PubSub 101 - Creating Data Flows With Topics

PubSub 101 - Creating Data Flows With Topics

Patrick Deziel | Wednesday, Nov 22, 2023 |  Ensign Data StreamingPubSub 101

If you struggle to build analytics and models that keep up with changing data, it might be because you haven’t yet learned to think about data in terms of topics. In this module, learn how by solving a real-world, real-time problem!

Check out Part One and Part Two of this series if you missed them!

How Relational Databases Cause Model Drift

Our favorite SQL databases (PostgreSQL, sqlite, DuckDB, etc) are fantastic for working with tabular data, but at best they only tell us the current state of our data. But what if our analytics need to model how that data is changing over time (e.g. model drift, concept drift, data drift)? What if we need to compare the current state of our data to what it looked like this time last year?

If you find yourself asking the above questions, it’s a good sign that you might benefit from reframing your thinking from the static perspective of data (aka “snapshots”) to a streaming perspective.

You can encourage this reframing using a technique called change data capture (CDC), which is a method for capturing the individual changes to a database over time.

Ensign is a great way to instrument change data capture, since it can be used to reconstruct the state of your relational database at any point in time, reprocess previously consumed data in the exact same order that it was produced (for model reproducibility), or identify data drift in real-time.

How to Think in Topics

An Ensign topic is a globally ordered and globally distributed stream of events. They are somewhat analogous to the concept of tables in a relational database, however there are a few important differences:

PropertyTablesTopics
MutabilityCan create, read, update, delete rowsEvents are immutable - can only publish new Events
HeterogenityColumns usually have singular data typesEvents can have varying data types and schemas
OrderingRows are not explicitly ordered and ordering usually happens at query timeEvents have a defined ordering and the ordering is consistent across replicas

Consider a retail store that tracks inventory using a relational database. It might have one table called Products so that new products can be registered and their prices can be updated regularly, and another table called Inventory with foreign key relationships to view and update the availability of specific products within the store.

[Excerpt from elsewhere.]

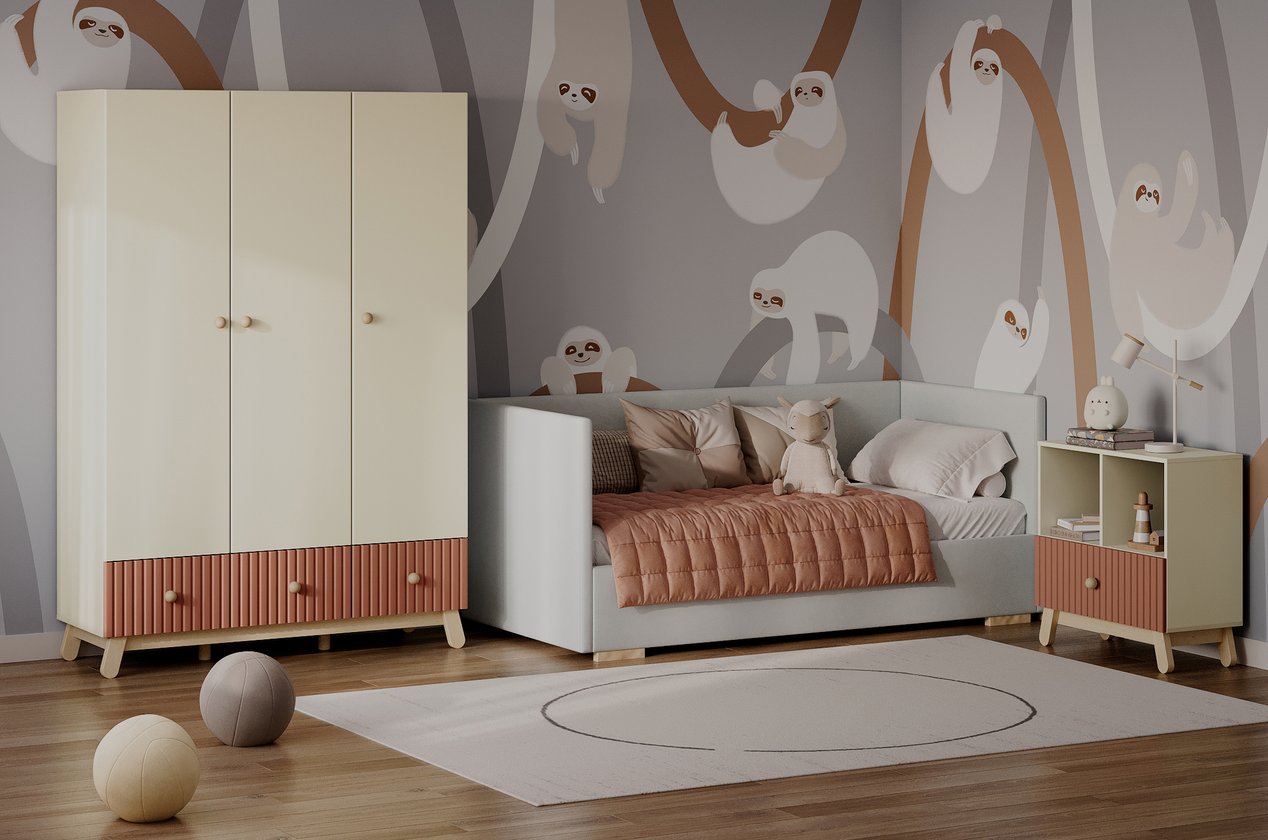 Изображение 911726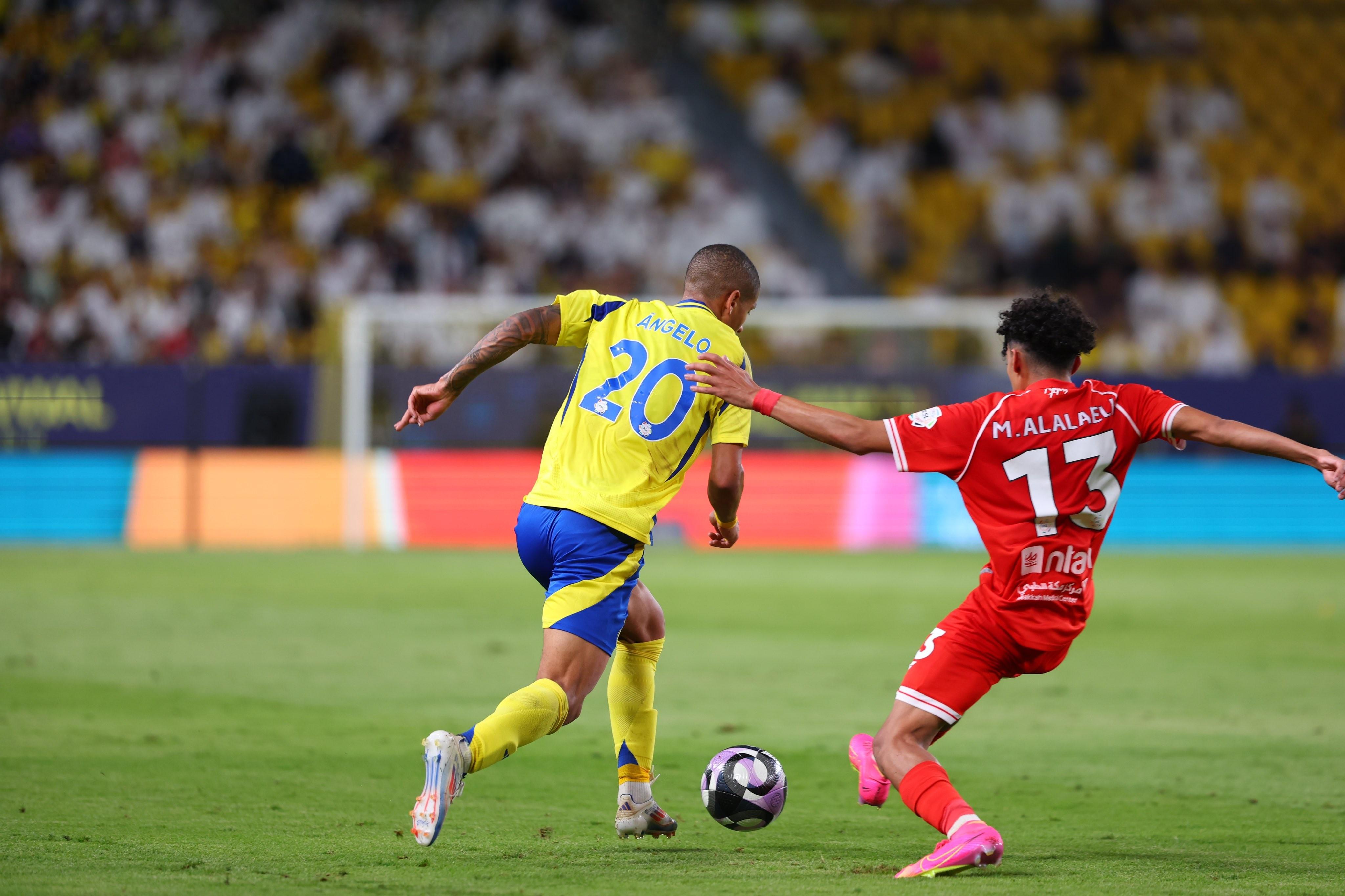 包含马赛击败波尔图，士气高昂迎接下一场比赛的词条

If we were to redesign this as an event-driven architecture, we might include a product-updates topic to track updates to product names, prices, etc. and an inventory-updates topic to track changes to product inventory. The individual events are updates to those topics, similar to how we would use the ADD, UPDATE, and DELETE SQL keywords to update rows in the relational database.

Here, the topics track the changes to the products and inventory rather than just the current state of the inventory.

Designing Data Flows

Now let’s return to our flight-tracking project from Part One of this course.

Suppose we want to track aircraft flights in the hopes of building a real-time model to predict flight delays. One of the first steps is to think about what kinds of data will be flowing through the application.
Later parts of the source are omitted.